● Problem details: Reproduce every record below word for word and include no pictures.

● Supplied records:
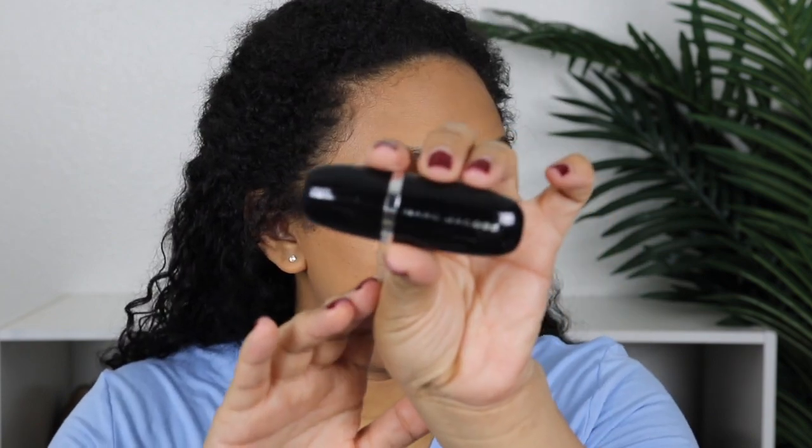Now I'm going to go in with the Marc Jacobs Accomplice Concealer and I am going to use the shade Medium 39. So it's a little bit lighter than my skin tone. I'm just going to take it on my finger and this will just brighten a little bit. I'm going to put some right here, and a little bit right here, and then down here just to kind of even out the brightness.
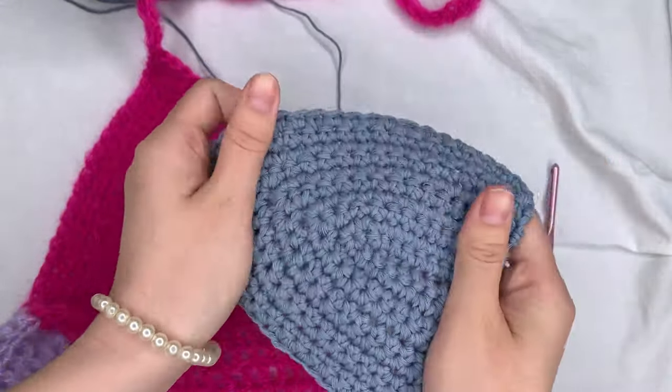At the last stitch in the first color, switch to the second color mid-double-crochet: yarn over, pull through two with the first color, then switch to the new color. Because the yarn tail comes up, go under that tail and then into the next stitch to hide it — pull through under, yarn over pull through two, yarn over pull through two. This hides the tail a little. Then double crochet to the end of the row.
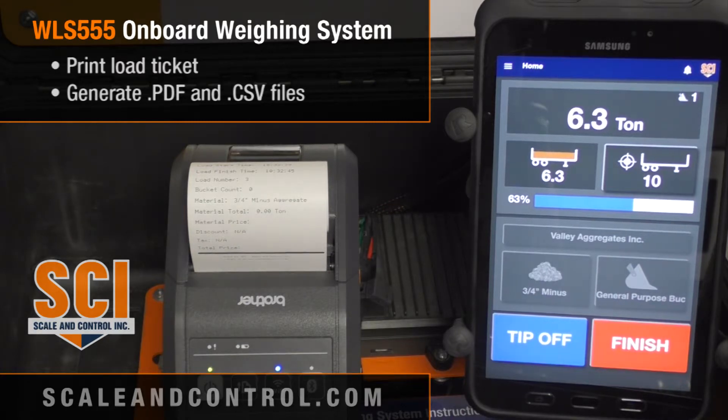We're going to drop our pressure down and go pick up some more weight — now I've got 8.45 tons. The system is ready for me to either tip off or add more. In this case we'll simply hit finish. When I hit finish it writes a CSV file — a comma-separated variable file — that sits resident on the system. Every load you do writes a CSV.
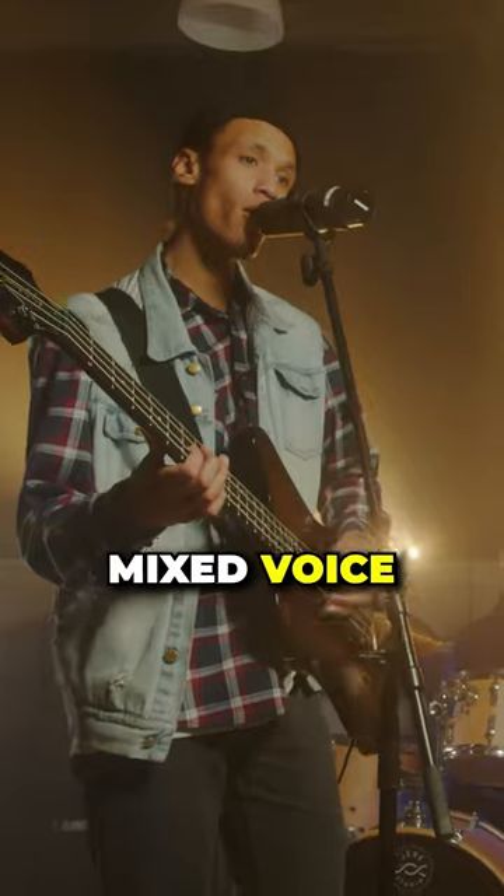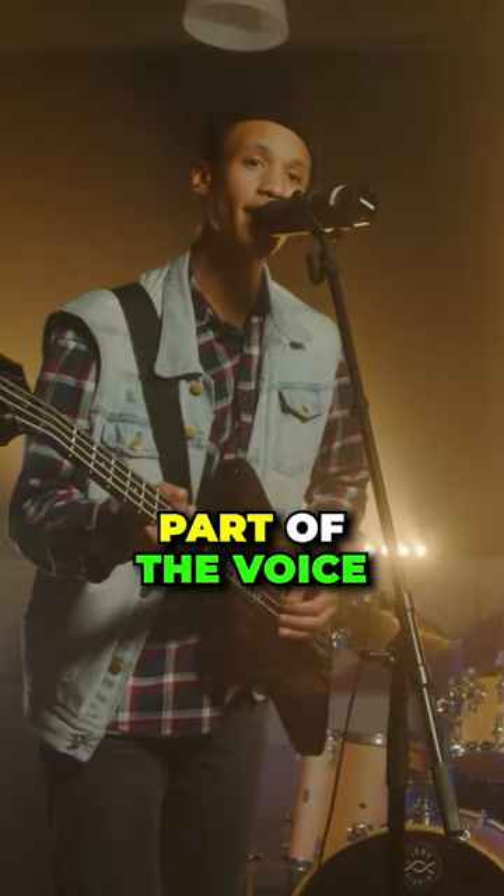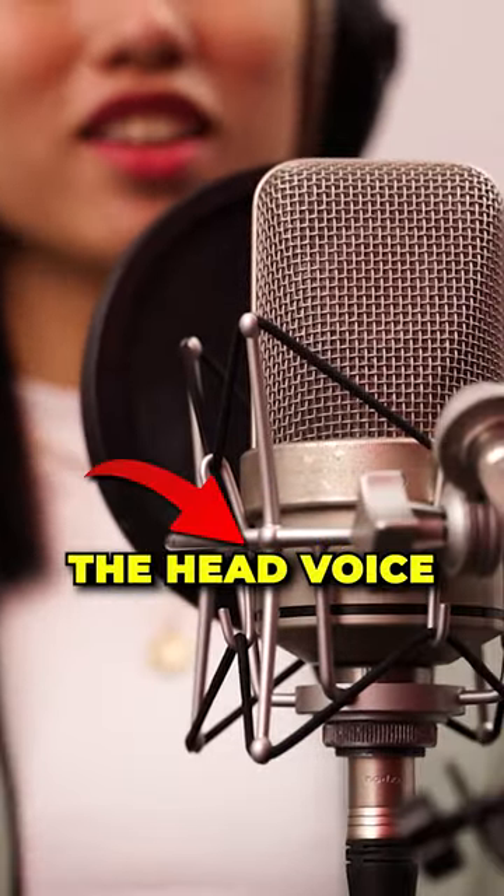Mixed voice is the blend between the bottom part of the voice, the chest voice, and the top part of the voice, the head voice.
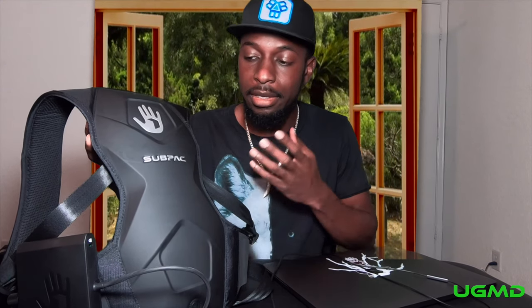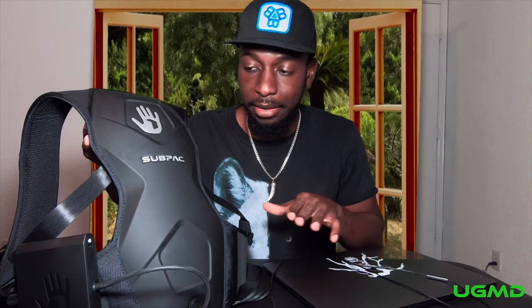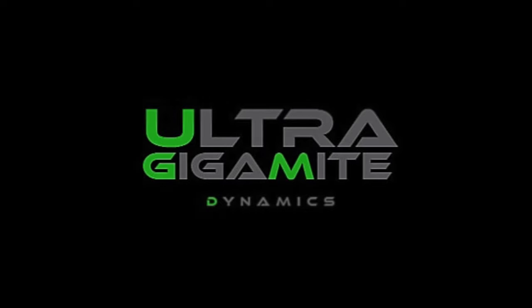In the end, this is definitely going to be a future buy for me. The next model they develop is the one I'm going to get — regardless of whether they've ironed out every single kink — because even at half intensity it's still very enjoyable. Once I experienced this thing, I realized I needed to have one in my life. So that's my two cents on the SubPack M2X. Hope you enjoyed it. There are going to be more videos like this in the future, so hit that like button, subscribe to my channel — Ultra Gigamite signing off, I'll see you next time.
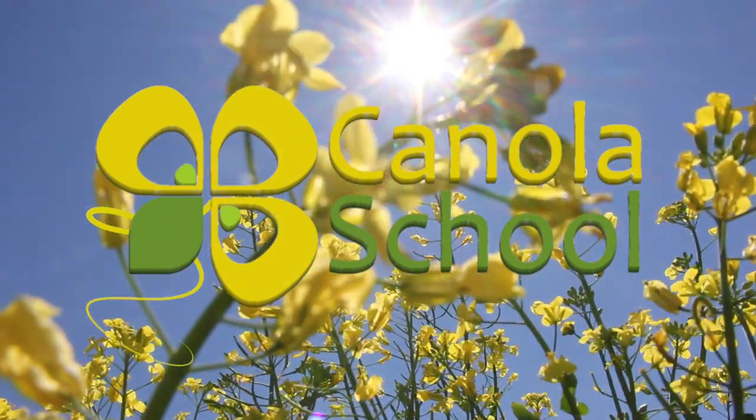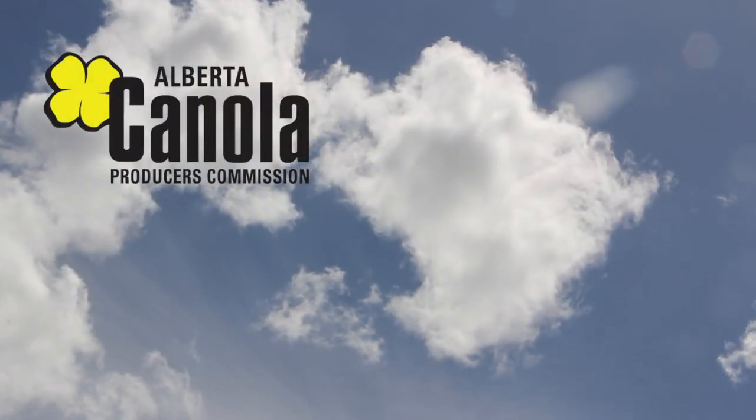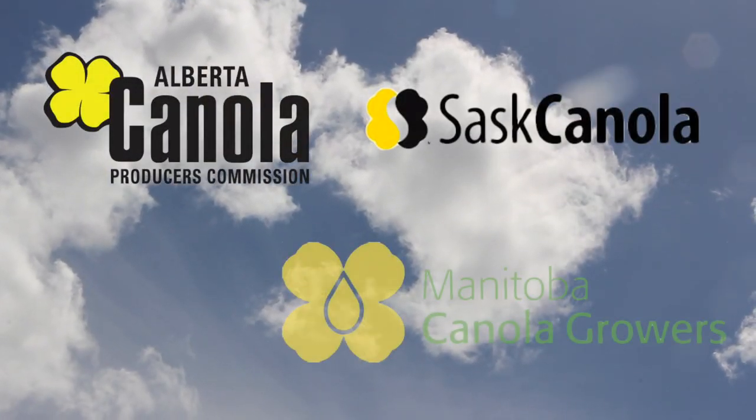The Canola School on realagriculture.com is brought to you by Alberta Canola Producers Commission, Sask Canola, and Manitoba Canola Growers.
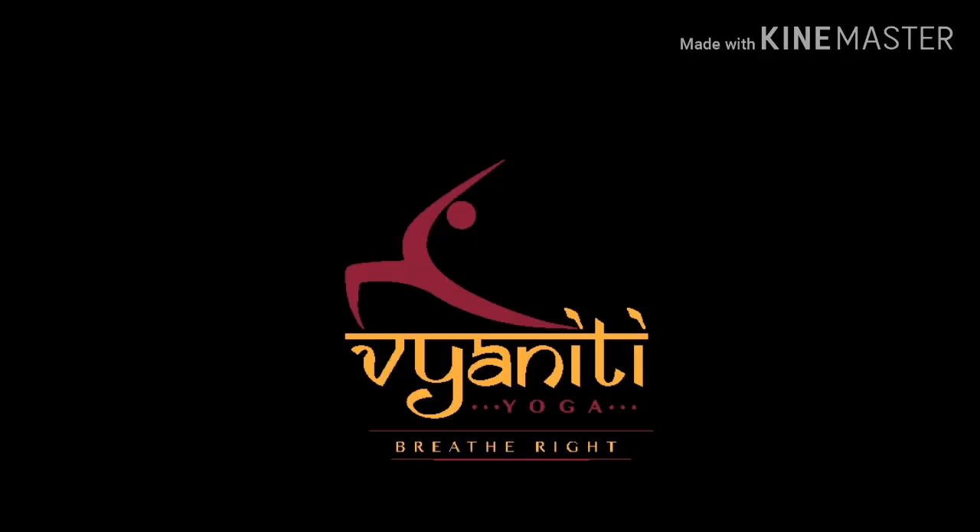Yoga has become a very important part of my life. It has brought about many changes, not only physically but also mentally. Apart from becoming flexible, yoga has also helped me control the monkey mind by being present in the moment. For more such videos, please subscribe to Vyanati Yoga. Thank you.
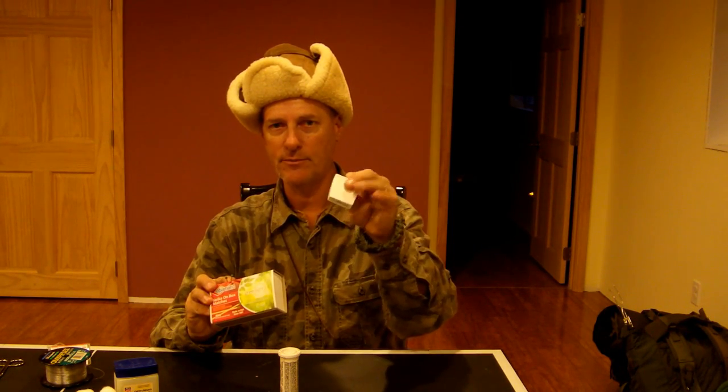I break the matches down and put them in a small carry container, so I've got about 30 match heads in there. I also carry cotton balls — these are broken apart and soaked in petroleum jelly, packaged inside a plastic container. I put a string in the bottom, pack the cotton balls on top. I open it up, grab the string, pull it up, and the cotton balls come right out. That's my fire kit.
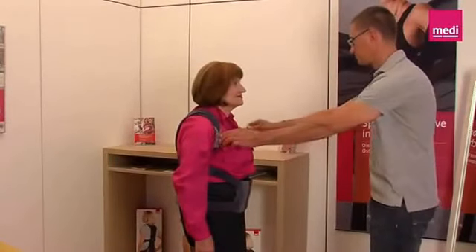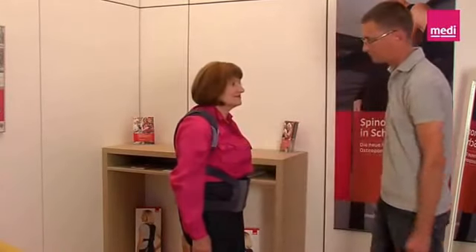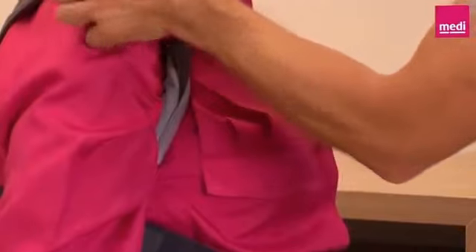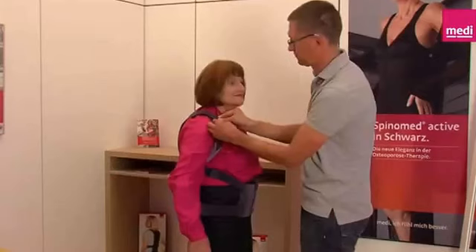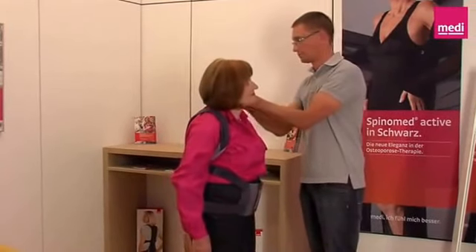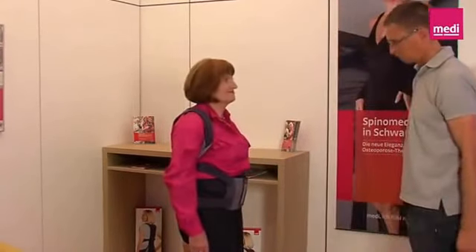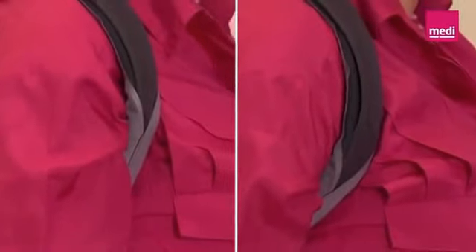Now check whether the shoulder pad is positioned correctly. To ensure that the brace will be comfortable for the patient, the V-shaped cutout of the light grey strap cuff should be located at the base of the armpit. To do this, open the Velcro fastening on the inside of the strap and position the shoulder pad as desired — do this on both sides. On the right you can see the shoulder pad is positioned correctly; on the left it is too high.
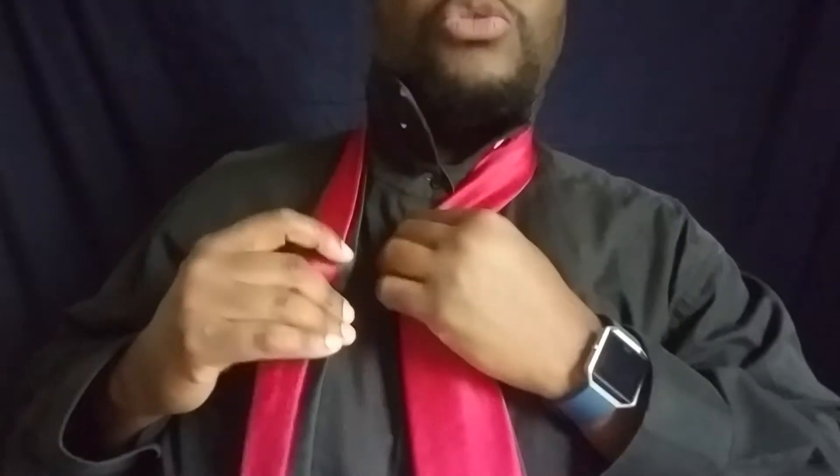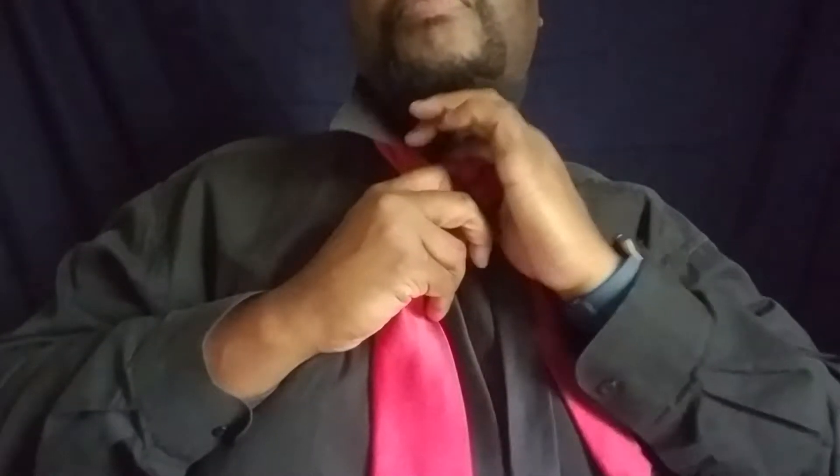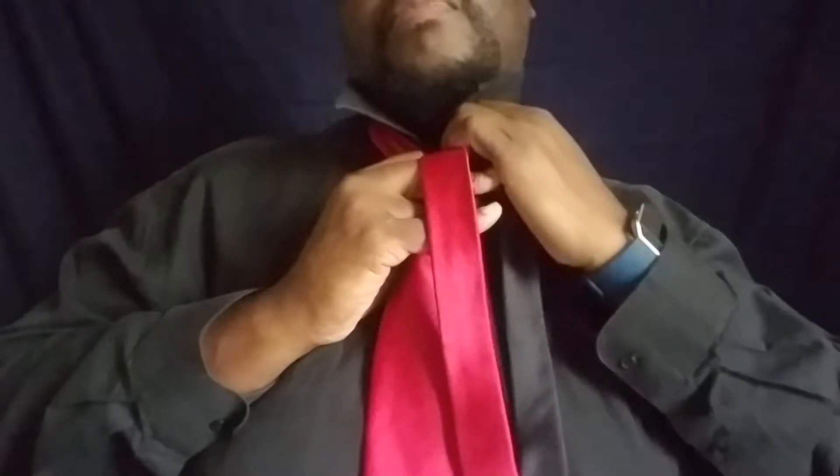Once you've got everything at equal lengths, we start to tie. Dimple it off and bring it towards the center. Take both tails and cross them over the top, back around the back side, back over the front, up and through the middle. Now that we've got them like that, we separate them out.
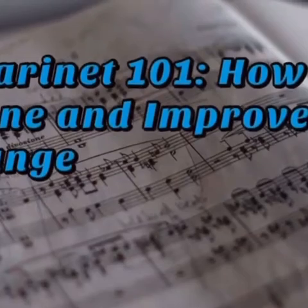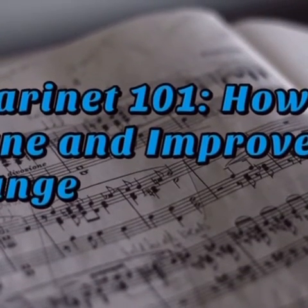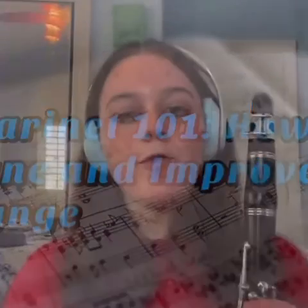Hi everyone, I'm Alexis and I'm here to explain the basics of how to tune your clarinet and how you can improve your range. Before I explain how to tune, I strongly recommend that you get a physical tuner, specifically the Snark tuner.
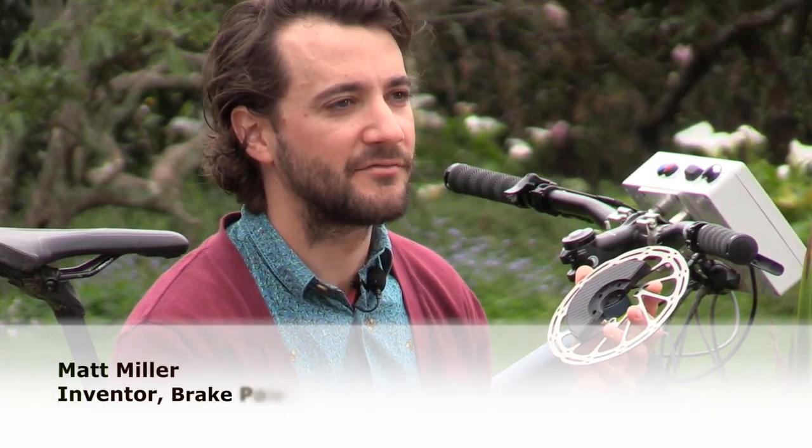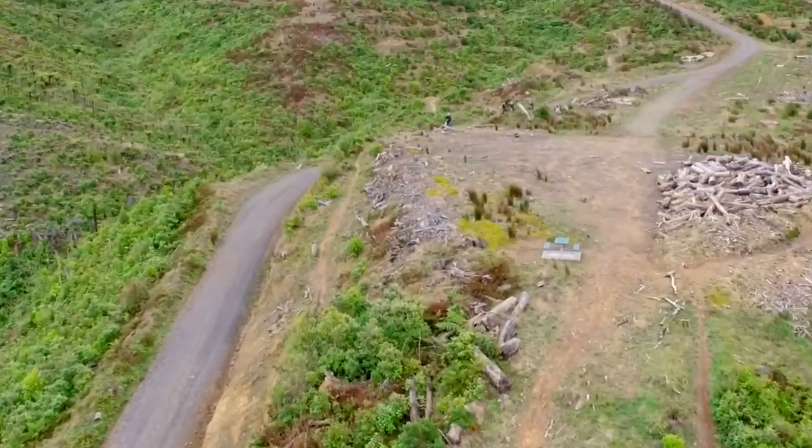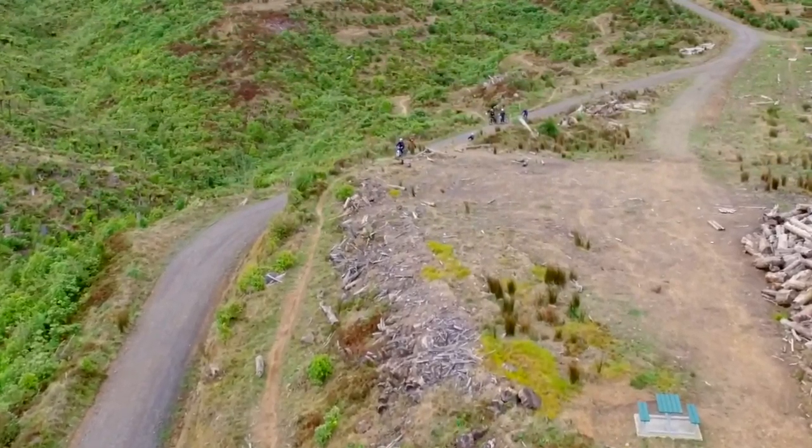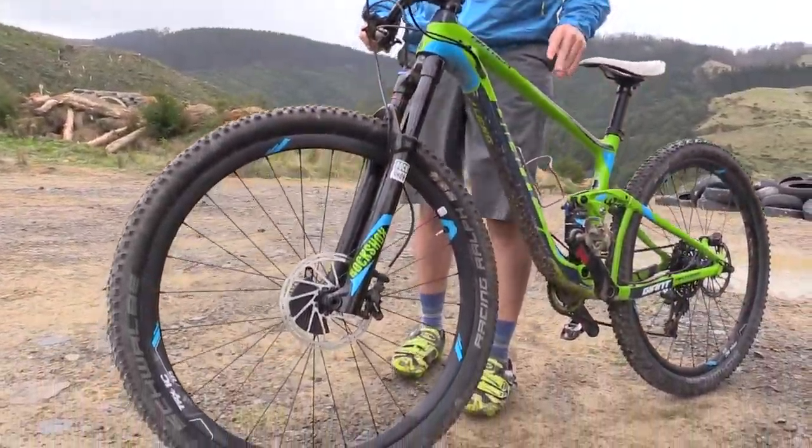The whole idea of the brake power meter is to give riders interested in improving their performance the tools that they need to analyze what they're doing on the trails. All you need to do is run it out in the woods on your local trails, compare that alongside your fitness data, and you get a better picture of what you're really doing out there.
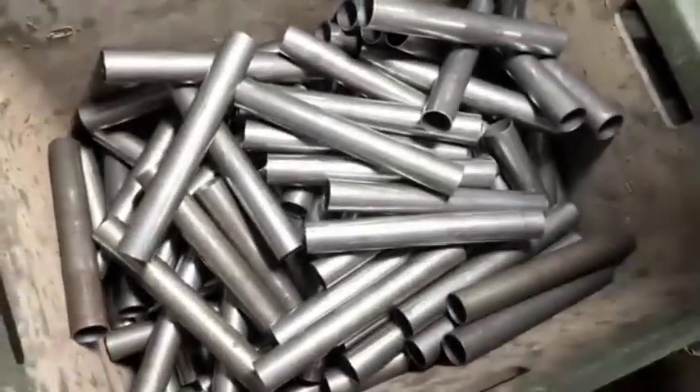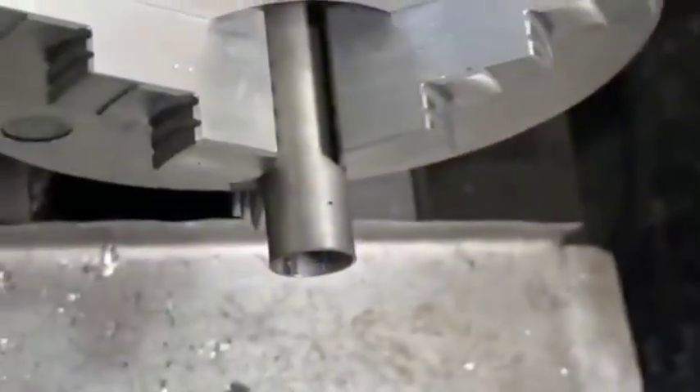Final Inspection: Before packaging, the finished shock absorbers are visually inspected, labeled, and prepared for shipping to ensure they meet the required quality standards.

● Solution to the problem:
Now I'm going to go in with the Marc Jacobs Accomplice Concealer and I am going to use the shade Medium 39. So it's a little bit lighter than my skin tone. I'm just going to take it on my finger and this will just brighten a little bit. I'm going to put some right here, and a little bit right here, and then down here just to kind of even out the brightness.
At the last stitch in the first color, switch to the second color mid-double-crochet: yarn over, pull through two with the first color, then switch to the new color. Because the yarn tail comes up, go under that tail and then into the next stitch to hide it — pull through under, yarn over pull through two, yarn over pull through two. This hides the tail a little. Then double crochet to the end of the row.
We're going to drop our pressure down and go pick up some more weight — now I've got 8.45 tons. The system is ready for me to either tip off or add more. In this case we'll simply hit finish. When I hit finish it writes a CSV file — a comma-separated variable file — that sits resident on the system. Every load you do writes a CSV.
Mixed voice is the blend between the bottom part of the voice, the chest voice, and the top part of the voice, the head voice.
In the end, this is definitely going to be a future buy for me. The next model they develop is the one I'm going to get — regardless of whether they've ironed out every single kink — because even at half intensity it's still very enjoyable. Once I experienced this thing, I realized I needed to have one in my life. So that's my two cents on the SubPack M2X. Hope you enjoyed it. There are going to be more videos like this in the future, so hit that like button, subscribe to my channel — Ultra Gigamite signing off, I'll see you next time.
The Canola School on realagriculture.com is brought to you by Alberta Canola Producers Commission, Sask Canola, and Manitoba Canola Growers.
Yoga has become a very important part of my life. It has brought about many changes, not only physically but also mentally. Apart from becoming flexible, yoga has also helped me control the monkey mind by being present in the moment. For more such videos, please subscribe to Vyanati Yoga. Thank you.
I break the matches down and put them in a small carry container, so I've got about 30 match heads in there. I also carry cotton balls — these are broken apart and soaked in petroleum jelly, packaged inside a plastic container. I put a string in the bottom, pack the cotton balls on top. I open it up, grab the string, pull it up, and the cotton balls come right out. That's my fire kit.
Now check whether the shoulder pad is positioned correctly. To ensure that the brace will be comfortable for the patient, the V-shaped cutout of the light grey strap cuff should be located at the base of the armpit. To do this, open the Velcro fastening on the inside of the strap and position the shoulder pad as desired — do this on both sides. On the right you can see the shoulder pad is positioned correctly; on the left it is too high.
Once you've got everything at equal lengths, we start to tie. Dimple it off and bring it towards the center. Take both tails and cross them over the top, back around the back side, back over the front, up and through the middle. Now that we've got them like that, we separate them out.
Hi everyone, I'm Alexis and I'm here to explain the basics of how to tune your clarinet and how you can improve your range. Before I explain how to tune, I strongly recommend that you get a physical tuner, specifically the Snark tuner.
The whole idea of the brake power meter is to give riders interested in improving their performance the tools that they need to analyze what they're doing on the trails. All you need to do is run it out in the woods on your local trails, compare that alongside your fitness data, and you get a better picture of what you're really doing out there.
Final Inspection: Before packaging, the finished shock absorbers are visually inspected, labeled, and prepared for shipping to ensure they meet the required quality standards.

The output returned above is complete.